The Question To Ask Yourself When Viewing An ASR Demo

One last point on ASR and its enthusiastic marketing. I’ve hit this topic a lot in the past few weeks. I hit it a few times last year too. There is one very good way to tell that proprietary speech recognition companies haven’t hit the big leagues, and that is looking at the way they’re marketing. It’s behind closed-door demos to people who aren’t likely to know very much about technology. We know for a fact that when you have a product to sell, the giants buy in. Microsoft bought Minecraft off Notch for $2.5 billion. Have you looked at Minecraft? It’s not exactly an example of the latest and greatest technological wonder, but there’s money there, so now it belongs to Microsoft. They didn’t just buy it, they rewrote it from its Java edition to create its Bedrock edition. Another giant buy? Hopstop was a company that figured out how to give really good mass transit directions, and Apple allegedly bought them for $1 billion. That tech ended up in Apple Maps before they quietly killed Hopstop.

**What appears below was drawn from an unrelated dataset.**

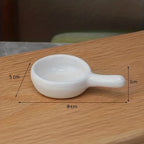 Dimensions du support pour bougie chauffe plat en céramique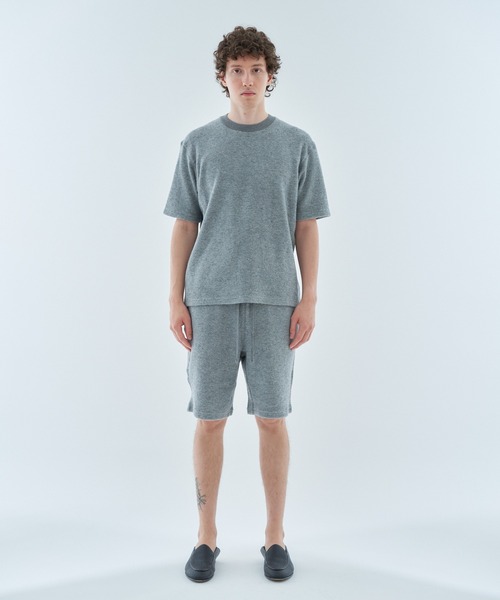 ESTNATION（エストネーション）の「ESTNATION / カシミヤミックス パイルカットソー（Tシャツ/カットソー・メンズ・ネイビー/ライトグレー・MEDIUM/LARGE）」の12枚目の写真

“Thanks for the history lesson, Chris. What’s the point?” The point is when you are being told that something is wonderful, new, and that you should buy in, you have to ask yourself why it hasn’t been sold off to someone way bigger than you. With these far less impressive feats of technology being sold off for billions of dollars and tech giants willing to spend real money on promising technology, there’s a solid question as to why a company hasn’t cashed out. Alphabet’s subsidiary Deep Mind has shown a willingness to burn through half a billion dollars a year on AI research. Youtube’s automated captions fall apart whenever there’s a bit of an accent or some music in a video. Ask yourself, if you were running a company, and you had about $100 million in investor money, would you not sell out for $1 billion or $2 billion? Somebody would buy good ASR. Just ask your wife:

To be frank, Youtube’s automated captions dominate proprietary software from what I’ve seen. Voice recognition is open source. Anybody can get their hands on it. That doesn’t mean the claims behind it are true. Take, for example, this blog post, the seven best spots for open source voice recognition software. They boldly claim that it is “more cost effective as the software performs the task of speech recognition and transcription faster and more accurately than a human.” I’m sorry, but if software that is “more cost effective,” “faster and [more accurate] than a human” is available free on the internet, I’m quite sure that Google, and by extension Youtube, would have figured it out by now. As I said over a year ago, there is an indeterminate amount of time and money needed to get this tech from where it is to where people are saying it is. That won’t stop sellers from selling it to consumers or investors anyway. Similarly, we cannot stop being advocates for consumer awareness.

(P.S., you can buy the Stenonymous Blog for about $6 million.)